Across America, Covid-19 is bringing a new ordinance in one small piece which travelers experience daily: paying toll gates with cash. As the virus dislocated market systems, making touching cash a dangerous decision, state governments moved quickly to digitize toll payments. It seems very simple but it is a momentous decision because a few years ago, some activists went to courts to protest their rights to pay for things, with cash. Yes, even if you digitize your restaurant payments, you must still have a mechanism to collect cash from customers.If you do not do that, you are breaking the law of the land. But now, paying tolls in most locations would be all electronic.
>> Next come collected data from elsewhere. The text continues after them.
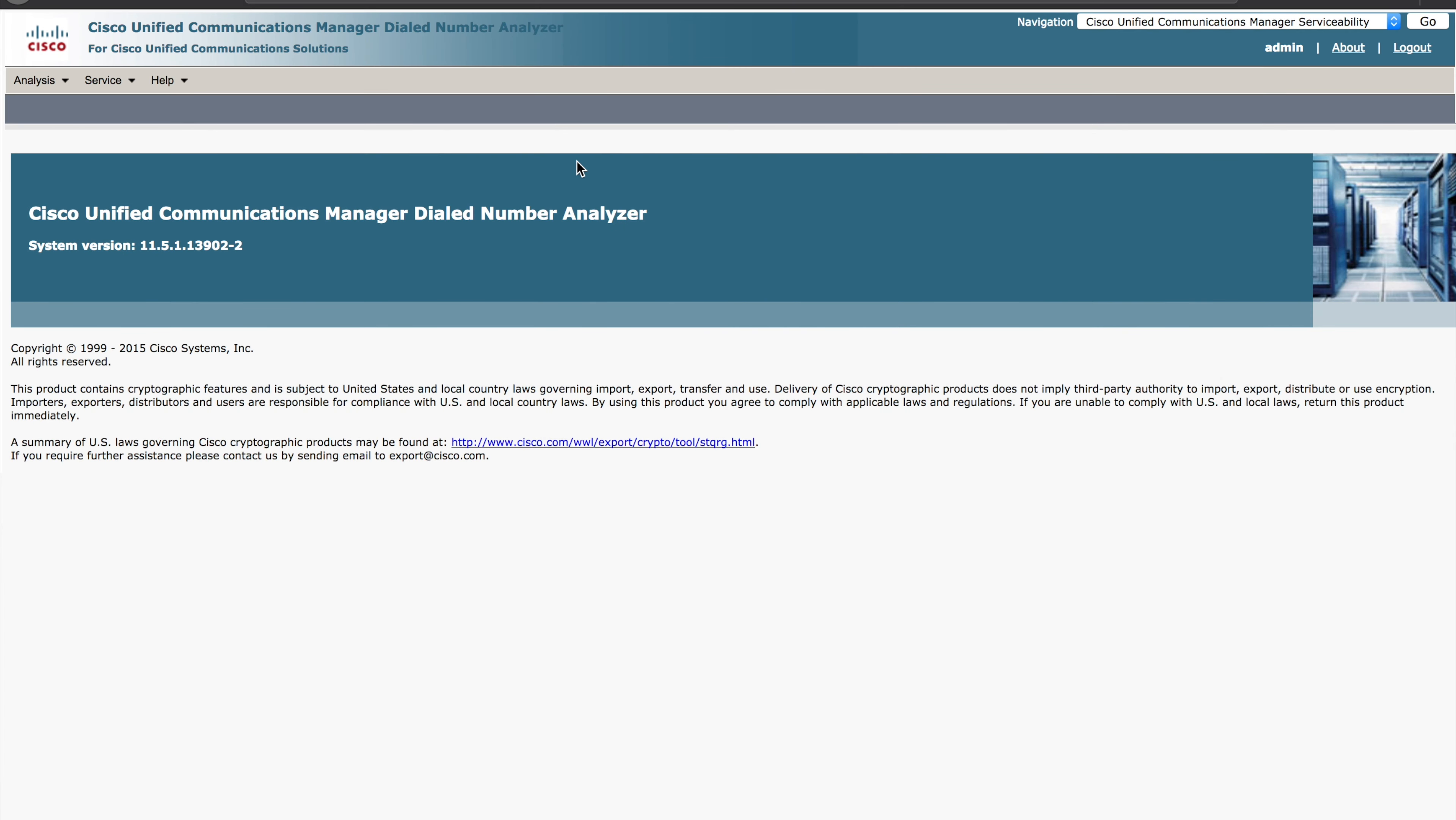Hello everyone. Today I want to talk to you about Cisco's Dialed Number Analyzer that's part of Unified Communications Manager. This is a pretty handy tool when you're trying to troubleshoot where calls are being routed to or how they're being manipulated by translation patterns and so forth. So let's dive into it.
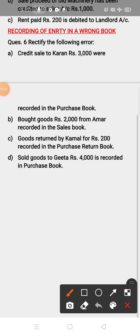So children, in this way you have to record the rectifying entry when any book is incorrect. Only make the correct entry, observe what is incorrect, and then make the rectifying entry. For this part 2, questions will be given in PDF — you have to solve only those questions. When all topics are complete, you have to solve your NCERT questions also. Thank you, children.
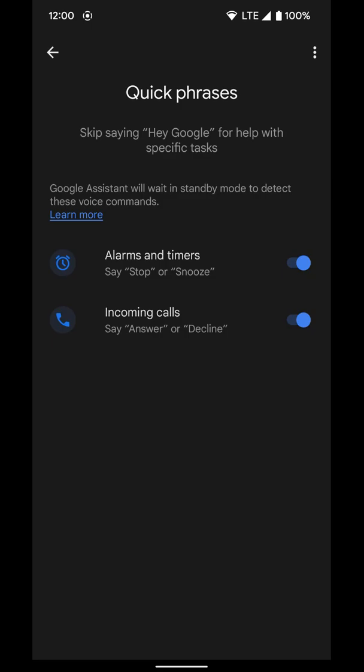So for alarms and timers, you can stop or snooze. You can say either one of those when an alarm or timer goes off. And for an incoming call, you can say answer or decline.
Only Covid-19 made that possible. Companies like Chipotle, an eatery chain, have eliminated cash payments. Either you pay with a card or you go hungry.
That takes me to what is happening across East Africa. Rwanda now requires people to pay through digital means in Kigali. Uganda wants the informal okada riders to join e-hailing companies which have better tools for digital payments. And Kenya has taken it all the way: “Kenya’s National Transport and Safety Authority (NTSA) wants privately-owned minibuses involved in public transportation to start using cashless payments to collect fares”.
Kenya’s National Transport and Safety Authority (NTSA) wants privately-owned minibuses involved in public transportation to start using cashless payments to collect fares. When in force, customers will be required to make payments with their phones while boarding ‘matatus’ as the minibuses are called in Kenya. To achieve this, the NTSA has reportedly called for bids from tech companies who will take up the task of installing necessary software on the matatus.
While the immediate motive appears to be linked with limiting COVID-19 spread, the move ties into a noticeable wave in East Africa to digitize payments in the transport sector. In Uganda, the government wants informal motorcycle drivers to join e-hailing companies, while the Rwanda Utilities Regulatory Authority recently directed all motorcycle taxi operators in Kigali to have meters and collect payments using only digital means. (TC Daily newsletter)
You know the implication? These cities and nations are advancing and will possibly formalize their largely informal economic systems. Most of these redesigns would not have happened without Covid-19 as some activists would have mounted ferocious challenges. But with the virus ravaging things, those counter-calls have been muted. Why? If you think collecting cash is the way to go, governments will ask you to go and mount the toll gates and be paid for doing that job.
Covid-19 is evil. Yet, it has provided opportunities for some economies to reform. I do hope Nigeria takes actions across our market sectors and territories. There are many positive things the government can do now with no opposition in the name of Covid-19. Call this moment a generational opportunity to bring reforms in markets and economic structures.